С т у д з и н с к и й. Да какая же, к черту, русская армия, когда они Россию прикончили?! Да они нас все равно расстреляют!
   М ы ш л а е в с к и й. И отлично сделают! Заберут в Чеку, обложат и выведут в расход. И им спокойнее, и нам...
   С т у д з и н с к и й. Я с ними буду биться!
   М ы ш л а е в с к и й. Пожалуйста, надевай шинель! Валяй! Дуй!.. Шпарь к большевикам, кричи им: не пущу! Николку с лестницы уже сбросили раз! Голову видал? А тебе ее и вовсе оторвут. И правильно — не лезь. Теперь пошли дела не наши[26]!
   Л а р и о с и к. Я против ужасов гражданской войны. В сущности, зачем проливать кровь?
   М ы ш л а е в с к и й. Ты на войне был?
   Л а р и о с и к. У меня, Витенька, белый билет. Слабые легкие. И, кроме того, я единственный сын у моей мамы.
   М ы ш л а е в с к и й. Правильно, товарищ белобилетник.
   С т у д з и н с к и й. Была у нас Россия — великая держава[27]!..
   М ы ш л а е в с к и й. И будет!.. Будет!
   С т у д з и н с к и й. Да, будет, будет — ждите!
   М ы ш л а е в с к и й. Прежней не будет, новая будет. Новая! А ты вот что мне скажи. Когда вас расхлопают на Дону[28] — а что вас расхлопают, я вам предсказываю, — и когда ваш Деникин даст деру за границу — а я вам это тоже предсказываю, — тогда куда?
   С т у д з и н с к и й. Тоже за границу.

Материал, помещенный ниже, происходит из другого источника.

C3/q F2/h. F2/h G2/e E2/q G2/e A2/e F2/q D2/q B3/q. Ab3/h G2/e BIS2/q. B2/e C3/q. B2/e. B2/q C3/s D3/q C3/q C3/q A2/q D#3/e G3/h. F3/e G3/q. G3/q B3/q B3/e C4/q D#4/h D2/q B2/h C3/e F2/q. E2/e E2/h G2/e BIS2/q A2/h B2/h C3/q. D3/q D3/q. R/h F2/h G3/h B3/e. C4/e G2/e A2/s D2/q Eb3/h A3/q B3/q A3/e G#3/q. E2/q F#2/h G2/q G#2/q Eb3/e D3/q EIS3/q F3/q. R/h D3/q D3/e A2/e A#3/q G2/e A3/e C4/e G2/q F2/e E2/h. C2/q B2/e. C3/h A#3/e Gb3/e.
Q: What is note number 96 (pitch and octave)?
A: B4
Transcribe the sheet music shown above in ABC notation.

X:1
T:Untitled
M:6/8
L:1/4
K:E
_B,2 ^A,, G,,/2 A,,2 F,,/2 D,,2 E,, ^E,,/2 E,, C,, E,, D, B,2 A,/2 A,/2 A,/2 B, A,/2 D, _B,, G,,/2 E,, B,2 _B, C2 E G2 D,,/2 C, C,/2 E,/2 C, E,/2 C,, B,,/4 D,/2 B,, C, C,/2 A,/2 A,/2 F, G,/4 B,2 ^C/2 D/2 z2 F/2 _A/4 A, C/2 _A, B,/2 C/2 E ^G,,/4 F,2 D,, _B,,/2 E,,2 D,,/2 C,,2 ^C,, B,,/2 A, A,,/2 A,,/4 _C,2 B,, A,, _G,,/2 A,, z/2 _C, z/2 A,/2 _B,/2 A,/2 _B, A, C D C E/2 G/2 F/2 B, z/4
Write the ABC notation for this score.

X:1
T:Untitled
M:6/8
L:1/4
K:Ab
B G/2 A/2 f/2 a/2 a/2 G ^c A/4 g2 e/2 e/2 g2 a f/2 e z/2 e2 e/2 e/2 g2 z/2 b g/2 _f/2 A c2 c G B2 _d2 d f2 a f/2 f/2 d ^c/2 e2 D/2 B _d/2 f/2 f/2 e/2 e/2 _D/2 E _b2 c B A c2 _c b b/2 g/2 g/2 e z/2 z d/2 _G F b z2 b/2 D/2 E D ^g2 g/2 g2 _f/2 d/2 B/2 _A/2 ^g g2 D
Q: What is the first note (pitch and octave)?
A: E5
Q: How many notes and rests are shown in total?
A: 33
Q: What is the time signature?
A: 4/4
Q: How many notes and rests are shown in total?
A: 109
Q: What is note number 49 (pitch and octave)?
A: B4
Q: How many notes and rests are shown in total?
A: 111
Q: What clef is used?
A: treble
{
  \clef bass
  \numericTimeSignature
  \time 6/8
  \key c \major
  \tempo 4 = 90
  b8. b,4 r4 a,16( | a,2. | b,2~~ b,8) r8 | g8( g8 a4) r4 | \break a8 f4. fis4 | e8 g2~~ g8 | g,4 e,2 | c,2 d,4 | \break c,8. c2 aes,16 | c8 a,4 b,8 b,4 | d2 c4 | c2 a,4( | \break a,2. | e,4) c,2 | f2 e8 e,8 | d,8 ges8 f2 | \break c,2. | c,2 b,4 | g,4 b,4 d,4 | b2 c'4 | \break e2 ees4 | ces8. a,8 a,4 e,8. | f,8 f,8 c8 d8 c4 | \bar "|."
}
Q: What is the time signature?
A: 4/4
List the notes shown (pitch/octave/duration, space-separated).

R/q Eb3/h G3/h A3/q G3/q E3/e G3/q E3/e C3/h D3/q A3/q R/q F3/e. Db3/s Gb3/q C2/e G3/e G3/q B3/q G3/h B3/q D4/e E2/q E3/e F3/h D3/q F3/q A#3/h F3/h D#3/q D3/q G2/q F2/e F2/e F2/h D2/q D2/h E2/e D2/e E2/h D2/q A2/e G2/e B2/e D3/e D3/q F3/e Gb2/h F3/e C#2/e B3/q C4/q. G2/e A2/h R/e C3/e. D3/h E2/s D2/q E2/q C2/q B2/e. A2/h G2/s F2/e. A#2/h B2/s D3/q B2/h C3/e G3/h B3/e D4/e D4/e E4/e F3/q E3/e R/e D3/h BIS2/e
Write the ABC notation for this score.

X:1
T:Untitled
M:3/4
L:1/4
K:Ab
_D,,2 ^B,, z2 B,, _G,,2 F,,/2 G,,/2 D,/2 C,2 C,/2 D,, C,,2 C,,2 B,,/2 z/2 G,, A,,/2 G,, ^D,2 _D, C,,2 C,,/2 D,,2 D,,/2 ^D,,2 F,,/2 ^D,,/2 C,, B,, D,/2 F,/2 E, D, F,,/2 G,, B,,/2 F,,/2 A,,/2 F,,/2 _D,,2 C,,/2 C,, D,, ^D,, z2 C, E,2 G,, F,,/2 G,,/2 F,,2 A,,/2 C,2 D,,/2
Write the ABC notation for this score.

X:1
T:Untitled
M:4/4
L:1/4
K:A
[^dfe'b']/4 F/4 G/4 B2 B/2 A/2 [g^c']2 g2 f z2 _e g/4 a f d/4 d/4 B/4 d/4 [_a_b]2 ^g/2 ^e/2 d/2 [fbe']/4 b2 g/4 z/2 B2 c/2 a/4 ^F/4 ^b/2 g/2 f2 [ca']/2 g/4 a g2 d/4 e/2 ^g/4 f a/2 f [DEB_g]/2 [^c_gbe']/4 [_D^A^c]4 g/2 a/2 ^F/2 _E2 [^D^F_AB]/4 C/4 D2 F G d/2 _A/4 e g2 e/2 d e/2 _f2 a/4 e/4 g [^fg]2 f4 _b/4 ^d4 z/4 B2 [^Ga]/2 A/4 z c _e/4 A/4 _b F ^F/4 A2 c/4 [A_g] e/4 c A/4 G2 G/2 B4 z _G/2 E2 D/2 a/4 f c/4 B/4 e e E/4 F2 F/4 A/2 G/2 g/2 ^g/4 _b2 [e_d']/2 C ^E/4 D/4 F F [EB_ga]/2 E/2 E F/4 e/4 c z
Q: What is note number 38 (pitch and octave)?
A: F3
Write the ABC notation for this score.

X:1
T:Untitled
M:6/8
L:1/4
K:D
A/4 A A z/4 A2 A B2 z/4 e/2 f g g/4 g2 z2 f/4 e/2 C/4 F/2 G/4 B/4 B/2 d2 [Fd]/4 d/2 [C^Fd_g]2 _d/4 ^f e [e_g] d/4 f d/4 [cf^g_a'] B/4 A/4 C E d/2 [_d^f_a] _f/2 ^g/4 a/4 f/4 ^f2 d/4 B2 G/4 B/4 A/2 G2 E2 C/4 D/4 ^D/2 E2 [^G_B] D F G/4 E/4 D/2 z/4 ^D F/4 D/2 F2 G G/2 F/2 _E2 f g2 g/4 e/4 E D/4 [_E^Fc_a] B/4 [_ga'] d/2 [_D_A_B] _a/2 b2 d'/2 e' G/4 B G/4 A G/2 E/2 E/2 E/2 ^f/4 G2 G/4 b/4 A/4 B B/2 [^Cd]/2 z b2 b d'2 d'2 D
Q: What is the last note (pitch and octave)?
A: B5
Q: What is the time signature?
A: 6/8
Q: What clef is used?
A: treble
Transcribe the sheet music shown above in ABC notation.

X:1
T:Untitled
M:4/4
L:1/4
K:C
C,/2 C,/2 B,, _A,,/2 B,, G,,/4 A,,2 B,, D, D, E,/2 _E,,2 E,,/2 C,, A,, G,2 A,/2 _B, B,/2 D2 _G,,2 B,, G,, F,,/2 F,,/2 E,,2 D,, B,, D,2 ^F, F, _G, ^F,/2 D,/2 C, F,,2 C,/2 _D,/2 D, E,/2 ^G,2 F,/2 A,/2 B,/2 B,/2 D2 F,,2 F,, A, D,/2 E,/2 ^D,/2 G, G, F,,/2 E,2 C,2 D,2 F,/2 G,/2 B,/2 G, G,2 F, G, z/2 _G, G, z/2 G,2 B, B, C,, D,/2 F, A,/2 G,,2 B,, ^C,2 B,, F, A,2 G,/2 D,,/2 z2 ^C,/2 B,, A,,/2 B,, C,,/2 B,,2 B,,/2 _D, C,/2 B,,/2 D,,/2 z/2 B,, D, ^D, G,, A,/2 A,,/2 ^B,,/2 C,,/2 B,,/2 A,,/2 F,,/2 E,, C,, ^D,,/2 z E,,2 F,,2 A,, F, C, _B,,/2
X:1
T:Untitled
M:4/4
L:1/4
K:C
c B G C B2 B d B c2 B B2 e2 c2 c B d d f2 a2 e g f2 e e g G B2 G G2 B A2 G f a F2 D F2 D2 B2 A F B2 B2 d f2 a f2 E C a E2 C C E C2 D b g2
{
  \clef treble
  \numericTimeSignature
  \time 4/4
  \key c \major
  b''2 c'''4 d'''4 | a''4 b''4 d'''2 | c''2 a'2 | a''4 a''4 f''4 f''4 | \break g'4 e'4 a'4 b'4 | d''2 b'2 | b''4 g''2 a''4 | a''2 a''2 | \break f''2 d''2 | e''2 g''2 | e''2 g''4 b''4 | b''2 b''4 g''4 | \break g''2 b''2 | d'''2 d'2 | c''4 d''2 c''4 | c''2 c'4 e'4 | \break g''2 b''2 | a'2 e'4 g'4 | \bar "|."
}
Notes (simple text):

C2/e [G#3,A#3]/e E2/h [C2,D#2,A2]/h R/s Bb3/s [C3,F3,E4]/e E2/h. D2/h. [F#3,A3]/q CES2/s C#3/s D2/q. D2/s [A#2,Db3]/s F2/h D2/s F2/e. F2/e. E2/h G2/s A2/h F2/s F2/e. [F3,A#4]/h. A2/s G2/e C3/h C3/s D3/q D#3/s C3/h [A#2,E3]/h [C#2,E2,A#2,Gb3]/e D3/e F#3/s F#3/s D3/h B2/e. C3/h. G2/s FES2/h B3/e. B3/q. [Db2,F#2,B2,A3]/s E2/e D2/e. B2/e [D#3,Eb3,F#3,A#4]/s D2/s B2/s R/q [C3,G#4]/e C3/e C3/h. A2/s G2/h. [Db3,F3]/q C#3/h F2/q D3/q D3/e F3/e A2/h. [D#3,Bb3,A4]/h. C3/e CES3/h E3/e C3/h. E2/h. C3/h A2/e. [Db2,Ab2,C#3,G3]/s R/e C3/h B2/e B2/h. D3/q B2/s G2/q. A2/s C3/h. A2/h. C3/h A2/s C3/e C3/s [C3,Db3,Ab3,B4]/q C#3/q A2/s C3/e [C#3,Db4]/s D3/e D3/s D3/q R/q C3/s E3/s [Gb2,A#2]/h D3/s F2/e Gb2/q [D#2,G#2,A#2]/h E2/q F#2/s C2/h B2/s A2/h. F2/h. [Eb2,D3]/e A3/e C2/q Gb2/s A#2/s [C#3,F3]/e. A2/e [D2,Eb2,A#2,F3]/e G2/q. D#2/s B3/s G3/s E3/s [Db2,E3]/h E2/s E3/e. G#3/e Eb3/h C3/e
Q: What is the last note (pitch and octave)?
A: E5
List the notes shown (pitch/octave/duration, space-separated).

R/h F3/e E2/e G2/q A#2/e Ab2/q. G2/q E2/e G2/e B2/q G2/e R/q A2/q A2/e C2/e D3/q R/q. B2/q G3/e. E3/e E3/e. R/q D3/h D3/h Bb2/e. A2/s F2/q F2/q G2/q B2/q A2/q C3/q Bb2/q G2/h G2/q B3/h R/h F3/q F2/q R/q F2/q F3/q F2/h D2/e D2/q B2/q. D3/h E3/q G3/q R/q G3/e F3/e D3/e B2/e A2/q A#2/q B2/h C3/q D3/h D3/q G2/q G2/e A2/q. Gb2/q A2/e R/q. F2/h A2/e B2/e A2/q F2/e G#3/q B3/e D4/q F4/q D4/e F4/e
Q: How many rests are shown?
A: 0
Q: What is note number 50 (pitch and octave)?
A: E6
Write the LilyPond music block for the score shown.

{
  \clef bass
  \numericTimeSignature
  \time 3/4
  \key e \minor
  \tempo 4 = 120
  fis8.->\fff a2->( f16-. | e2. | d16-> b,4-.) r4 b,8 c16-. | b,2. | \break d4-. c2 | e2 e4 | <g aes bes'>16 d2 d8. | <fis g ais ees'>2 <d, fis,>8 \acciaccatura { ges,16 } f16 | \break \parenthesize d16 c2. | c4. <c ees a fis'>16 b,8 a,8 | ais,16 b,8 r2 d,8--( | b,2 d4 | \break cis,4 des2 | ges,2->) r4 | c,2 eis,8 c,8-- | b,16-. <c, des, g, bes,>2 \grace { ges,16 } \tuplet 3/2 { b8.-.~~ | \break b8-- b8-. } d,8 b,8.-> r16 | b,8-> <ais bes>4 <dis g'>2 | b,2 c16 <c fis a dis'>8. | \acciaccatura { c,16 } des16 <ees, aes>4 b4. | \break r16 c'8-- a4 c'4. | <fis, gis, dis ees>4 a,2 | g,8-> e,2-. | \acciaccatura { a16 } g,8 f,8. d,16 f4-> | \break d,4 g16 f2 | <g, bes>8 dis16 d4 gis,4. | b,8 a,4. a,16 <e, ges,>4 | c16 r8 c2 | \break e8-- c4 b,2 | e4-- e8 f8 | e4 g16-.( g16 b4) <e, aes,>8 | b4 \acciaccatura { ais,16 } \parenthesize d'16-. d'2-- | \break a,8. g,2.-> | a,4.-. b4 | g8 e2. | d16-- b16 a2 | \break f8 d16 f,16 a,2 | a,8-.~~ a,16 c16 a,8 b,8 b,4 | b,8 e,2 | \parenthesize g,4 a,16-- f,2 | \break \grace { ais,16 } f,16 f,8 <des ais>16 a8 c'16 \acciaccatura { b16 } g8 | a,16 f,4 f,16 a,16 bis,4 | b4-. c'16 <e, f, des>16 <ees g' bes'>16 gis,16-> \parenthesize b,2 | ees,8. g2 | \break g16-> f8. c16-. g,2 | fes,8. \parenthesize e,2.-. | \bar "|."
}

   М ы ш л а е в с к и й. Нужны вы там, как пушке третье колесо! Куда ни приедете, в харю наплюют от Сингапура до Парижа. Я не поеду, буду здесь в России. И будь с ней что будет!.. Ну и кончено, довольно, я закрываю собрание.
   С т у д з и н с к и й. Я вижу, что я одинок.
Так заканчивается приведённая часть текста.